С этими словами садист нагнулся, чтобы извлечь из груди мертвой девочки нож. Соколов ударил его по затылку прикладом автомата. Тот даже не пикнул, сразу упал и застыл.
- Подыхай, мерзавец! - процедил сквозь зубы Соколов и на всякий случай всадил ему в горло его же нож, а затем вынес девочку из беседки и осторожно уложил на зеленую траву.

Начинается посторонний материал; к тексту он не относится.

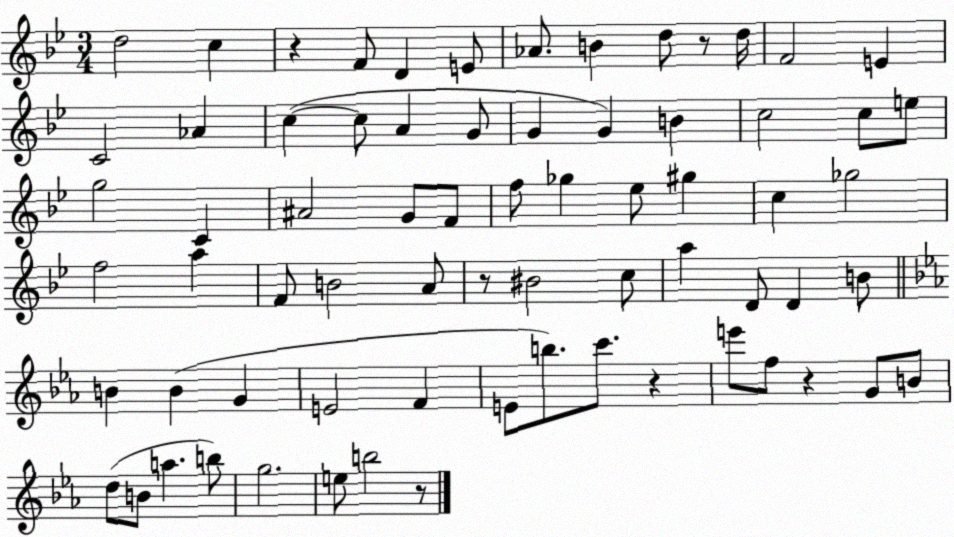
X:1
T:Untitled
M:3/4
L:1/4
K:Bb
d2 c z F/2 D E/2 _A/2 B d/2 z/2 d/4 F2 E C2 _A c c/2 A G/2 G G B c2 c/2 e/2 g2 C ^A2 G/2 F/2 f/2 _g _e/2 ^g c _g2 f2 a F/2 B2 A/2 z/2 ^B2 c/2 a D/2 D B/2 B B G E2 F E/2 b/2 c'/2 z e'/2 f/2 z G/2 B/2 d/2 B/2 a b/2 g2 e/2 b2 z/2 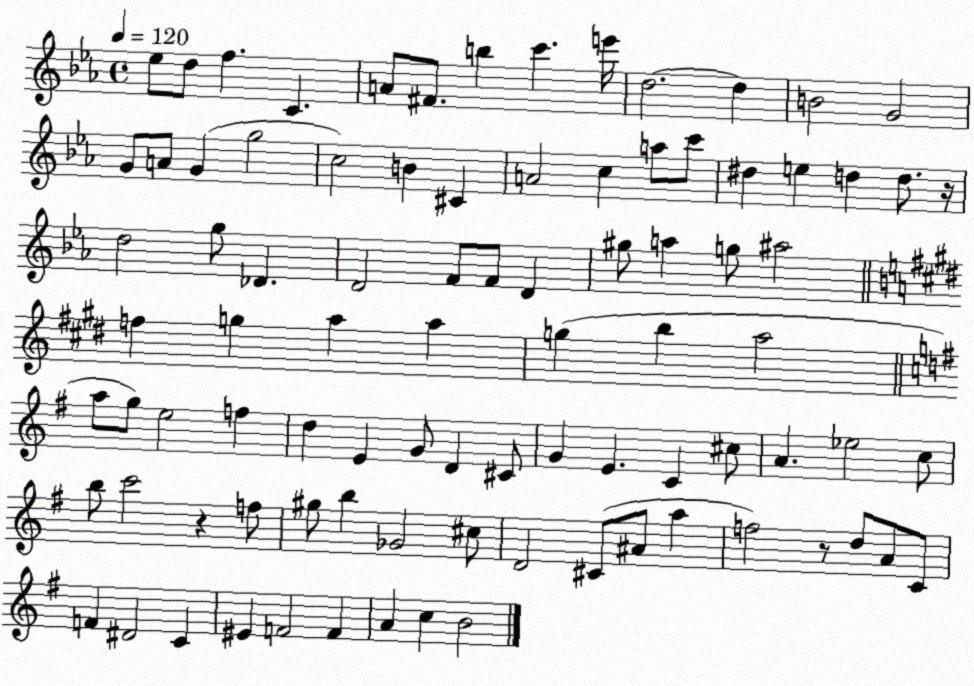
X:1
T:Untitled
M:4/4
L:1/4
K:Eb
_e/2 d/2 f C A/2 ^F/2 b c' e'/4 d2 d B2 G2 G/2 A/2 G g2 c2 B ^C A2 c a/2 c'/2 ^d e d d/2 z/4 d2 g/2 _D D2 F/2 F/2 D ^g/2 a g/2 ^a2 f g a a g b a2 a/2 g/2 e2 f d E G/2 D ^C/2 G E C ^c/2 A _e2 c/2 b/2 c'2 z f/2 ^g/2 b _G2 ^c/2 D2 ^C/2 ^A/2 a f2 z/2 d/2 A/2 C/2 F ^D2 C ^E F2 F A c B2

Пока Соколов расправлялся с власовцем, Марианна нашла свою мать. Пани Матильда была убита выстрелом в затылок. Марианна обнимала мать и плакала навзрыд. Партизаны где-то раздобыли лопату, вырыли могилу, положили туда графиню и засыпали землей.
Уже вечерело, когда разведчики дворами выбрались на соседнюю улицу. Повсюду полыхали пожары. Взрывы сотрясали воздух, дома раскалывались пополам. Подобно раскаленной лаве, вырывающейся из кратера вулкана, в небо взлетали брызги пламени, клубы дыма и пыли, а на том месте, где стояли здания, оставались кучи щебня, искореженного железа и битого стекла. В нос бил отвратительный, едкий запах. Оказалось, это рабочие команды возле костела святого Войцека, под бдительным надзором эсэсовцев, складывали трупы расстрелянных в огромные штабеля, обливали керосином и поджигали. На площади перед костелом уже горели шесть таких штабелей, распространяя тяжелый смрад, а люди с белыми повязками на рукавах со всех сторон подносили все новые и новые трупы.
- О боже! Как ты терпишь это? - прошептала Марианна, воздевая руки к небу.
- Мне стыдно, что я немец, - тихо проговорил Кальтенберг, потрясенный увиденным.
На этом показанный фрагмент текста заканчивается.